Every year, despite my best attempts to attach another helium balloon to my own personal Eeyore, he still manages to succumb to sadness and grief, and I suppose my reminders to be thankful and happy for those who are still with us don’t really do much good.
But, that’s my nature — to compulsively seek out the best in every situation and find something bright and hopeful to cling to, because I don’t do despair well. Depression is not my default mode. And let’s face it, maudlin makes my butt look fat.
This year, however, as we sat on the sofa mulling over the holidays that this year had the added flair of Joe having been laid off just in time for Christmas, he asked me an odd question: “Are your childhood memories of Christmas happy?” I paused, and thought about that, and thought about that, and slowly concluded, “No, they weren’t.”
Although there was no shortage of Christmas presents or parties, Christmas in my childhood home felt utterly hollow, likely a reflection of my parents’ marriage, which was the same. Surely the lack of Christmas cheer was partially due to my mother’s Jehovah’s Witnesses upbringing, and although she’d defected as an adult, she clearly had some residual issues about celebrating Christmases and birthdays.
An aloof person to begin with, Christmas seemed to be more of a hassle to her than anything else, and she was more than glad to let me deck the halls as soon as I was big enough to drag the boxes of decorations up from the basement. I never had any shortage of holiday cheer, because even as a small child, I recognized that somewhere out there, Christmas was special and it mattered. I supposed that is “hope.”
Whether her religious upbringing or simply a dislike of emotional displays, she just wasn’t into Christmas, which traditionally (in America, anyway) includes putting careful thought into picking out gifts to bring someone else joy. That just wasn’t her bag.
She would buy gifts that filled the bill of “stuff under the tree,” but I always sensed when I opened them that she didn’t spend any more time choosing those gifts than it took to shove her hand into the nearest “clearance” bin and carry whatever she grabbed to the nearest checkout counter.
You can feel it when a gift didn’t really matter to the person who gave it to you, and by association, neither do you. Neither did I, to her. It took me a long while to figure that out about my mother, but there it is, and I’m able to just examine it for what it is now, like a kidney stone after surgery.
As for my dad, he seemed to like Christmas well enough, but his alcoholism and PTSD slowly eroded his mind and he became absorbed with his own inner world of paranoia and repressed trauma. But, at Christmas time, he’d tear up every time “The Little Drummer Boy” played. It hit a nerve… “I am a poor boy too, pah-rum-pa-pa-pum…” I could — can — almost feel his pain zing right through me.
So, between my mother’s perpetual aloofness and my father’s psychological issues, I should ball this all up and dance along with my husband’s despair at this time of year, and just suck it up and endure it until we can exhale on New Year’s Day. Right?
Oh, so wrong, you little Grinches!
My mother taught me well how not to do most everything, including Christmas. Lesson: Give gifts that convey love and joy. My father taught me that pain and trauma, gone unattended, eventually will consume you. Lesson: Do not delay celebrating holidays, people and life, because life can be brutally snatched away. Rather than mourn at Christmas for those who are gone, I go full-on Chipmunk Christmas and celebrate those who are still here.
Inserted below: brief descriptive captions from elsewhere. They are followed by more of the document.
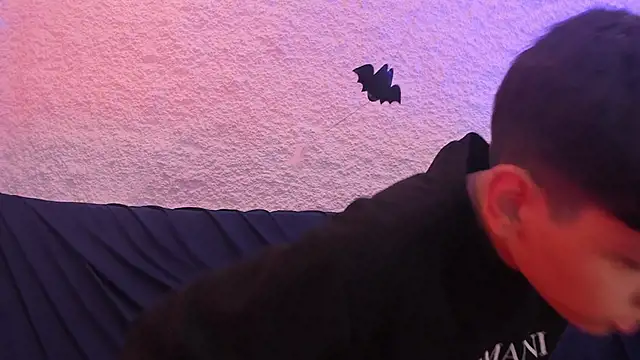 zeus blaze online show from November 5, 2025, 7:47 pm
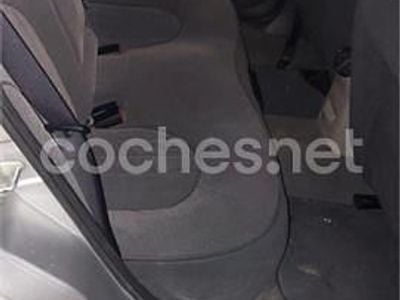 Usado Rover 75 131 CV (96 kW) 2005 Gris / plata Berlina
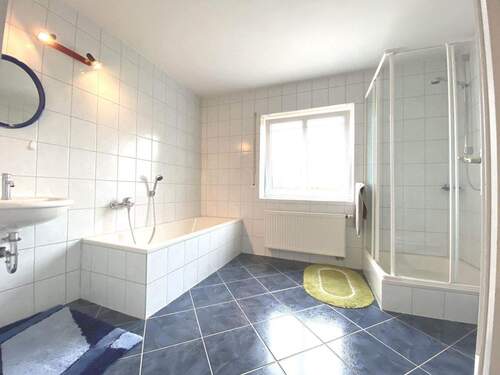 Tageslichtbad im OG - 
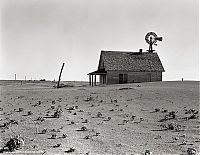 World & Travel: History: Dust Bowl, Dirty Thirties, 1930s, Great Plains, American and Canadian prairies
When my children were small, there was always a pile of presents under the tree, decorations, visits with Santa, and as much holiday cheer as my credit cards would allow. It hasn’t changed much since. When I think about them coming home for Christmas — ham and twice-baked potatoes, Christmas morning surprises, and just being cozy and together again — I can’t help but bubble with joy: My babies are back.
They’re both adults now, but my holiday spirit is as young as ever. I think it is with them, too, even though they have to split Christmas between two parents who parted ways. Even so, they seem to look forward to coming home, to the gifts and feasting, to the people and the parties.
I certainly hope so. Because the fact that they’re both still here, alive and well, and able to come home, and that I am, too, well, it’s pretty hard not to feel joyful about that — particularly now that I’ve outlived my both my parents. That point is accentuated by the knowledge that not everyone can say that. But I can: We’re all still alive! Woohoo! Jingle the bells and deck the halls? Oh ho-ho-heck yes!
Happy Christmases Past? No, I didn’t have those, until I had kids of my own. But Christmas Present still looks pretty wonderful to me, and the prospect of being blessed with Christmases Future nearly makes me giddy.
For those who cannot say the same, who grieve this time of year, I wish you healing and peace. My Christmas wish is that you’d look around and appreciate the people still with you. They make life worth living. Everything else is just tinsel.